1 files changed, 127 insertions, 72 deletions
diff --git a/fs/xfs/xfs_fsops.c b/fs/xfs/xfs_fsops.c
index a2a407039227..b33c894b6cf3 100644
--- a/fs/xfs/xfs_fsops.c
+++ b/fs/xfs/xfs_fsops.c
@@ -21,6 +21,64 @@
 #include "xfs_ag_resv.h"
 
 /*
+ * Write new AG headers to disk. Non-transactional, but need to be
+ * written and completed prior to the growfs transaction being logged.
+ * To do this, we use a delayed write buffer list and wait for
+ * submission and IO completion of the list as a whole. This allows the
+ * IO subsystem to merge all the AG headers in a single AG into a single
+ * IO and hide most of the latency of the IO from us.
+ *
+ * This also means that if we get an error whilst building the buffer
+ * list to write, we can cancel the entire list without having written
+ * anything.
+ */
+static int
+xfs_resizefs_init_new_ags(
+	struct xfs_trans	*tp,
+	struct aghdr_init_data	*id,
+	xfs_agnumber_t		oagcount,
+	xfs_agnumber_t		nagcount,
+	xfs_rfsblock_t		delta,
+	bool			*lastag_extended)
+{
+	struct xfs_mount	*mp = tp->t_mountp;
+	xfs_rfsblock_t		nb = mp->m_sb.sb_dblocks + delta;
+	int			error;
+
+	*lastag_extended = false;
+
+	INIT_LIST_HEAD(&id->buffer_list);
+	for (id->agno = nagcount - 1;
+	     id->agno >= oagcount;
+	     id->agno--, delta -= id->agsize) {
+
+		if (id->agno == nagcount - 1)
+			id->agsize = nb - (id->agno *
+					(xfs_rfsblock_t)mp->m_sb.sb_agblocks);
+		else
+			id->agsize = mp->m_sb.sb_agblocks;
+
+		error = xfs_ag_init_headers(mp, id);
+		if (error) {
+			xfs_buf_delwri_cancel(&id->buffer_list);
+			return error;
+		}
+	}
+
+	error = xfs_buf_delwri_submit(&id->buffer_list);
+	if (error)
+		return error;
+
+	xfs_trans_agblocks_delta(tp, id->nfree);
+
+	if (delta) {
+		*lastag_extended = true;
+		error = xfs_ag_extend_space(mp, tp, id, delta);
+	}
+	return error;
+}
+
+/*
  * growfs operations
  */
 static int
@@ -33,22 +91,25 @@ xfs_growfs_data_private(
 	xfs_agnumber_t		nagcount;
 	xfs_agnumber_t		nagimax = 0;
 	xfs_rfsblock_t		nb, nb_div, nb_mod;
-	xfs_rfsblock_t		delta;
+	int64_t			delta;
+	bool			lastag_extended;
 	xfs_agnumber_t		oagcount;
 	struct xfs_trans	*tp;
 	struct aghdr_init_data	id = {};
 
 	nb = in->newblocks;
-	if (nb < mp->m_sb.sb_dblocks)
-		return -EINVAL;
-	if ((error = xfs_sb_validate_fsb_count(&mp->m_sb, nb)))
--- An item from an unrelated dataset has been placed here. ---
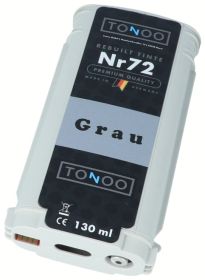Tonoo® Tinte ersetzt HP 72 | C9374A Grau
+	error = xfs_sb_validate_fsb_count(&mp->m_sb, nb);
+	if (error)
 		return error;
-	error = xfs_buf_read_uncached(mp->m_ddev_targp,
+
+	if (nb > mp->m_sb.sb_dblocks) {
+		error = xfs_buf_read_uncached(mp->m_ddev_targp,
 				XFS_FSB_TO_BB(mp, nb) - XFS_FSS_TO_BB(mp, 1),
 				XFS_FSS_TO_BB(mp, 1), 0, &bp, NULL);
-	if (error)
-		return error;
-	xfs_buf_relse(bp);
+		if (error)
+			return error;
+		xfs_buf_relse(bp);
+	}
 
 	nb_div = nb;
 	nb_mod = do_div(nb_div, mp->m_sb.sb_agblocks);
@@ -56,10 +117,16 @@ xfs_growfs_data_private(
 	if (nb_mod && nb_mod < XFS_MIN_AG_BLOCKS) {
 		nagcount--;
 		nb = (xfs_rfsblock_t)nagcount * mp->m_sb.sb_agblocks;
-		if (nb < mp->m_sb.sb_dblocks)
-			return -EINVAL;
 	}
 	delta = nb - mp->m_sb.sb_dblocks;
+	/*
+	 * Reject filesystems with a single AG because they are not
+	 * supported, and reject a shrink operation that would cause a
+	 * filesystem to become unsupported.
+	 */
+	if (delta < 0 && nagcount < 2)
+		return -EINVAL;
+
 	oagcount = mp->m_sb.sb_agcount;
 
 	/* allocate the new per-ag structures */
@@ -67,55 +134,34 @@ xfs_growfs_data_private(
 		error = xfs_initialize_perag(mp, nagcount, &nagimax);
 		if (error)
 			return error;
+	} else if (nagcount < oagcount) {
+		/* TODO: shrinking the entire AGs hasn't yet completed */
+		return -EINVAL;
 	}
 
 	error = xfs_trans_alloc(mp, &M_RES(mp)->tr_growdata,
-			XFS_GROWFS_SPACE_RES(mp), 0, XFS_TRANS_RESERVE, &tp);
+			(delta > 0 ? XFS_GROWFS_SPACE_RES(mp) : -delta), 0,
+			XFS_TRANS_RESERVE, &tp);
 	if (error)
 		return error;
 
-	/*
-	 * Write new AG headers to disk. Non-transactional, but need to be
-	 * written and completed prior to the growfs transaction being logged.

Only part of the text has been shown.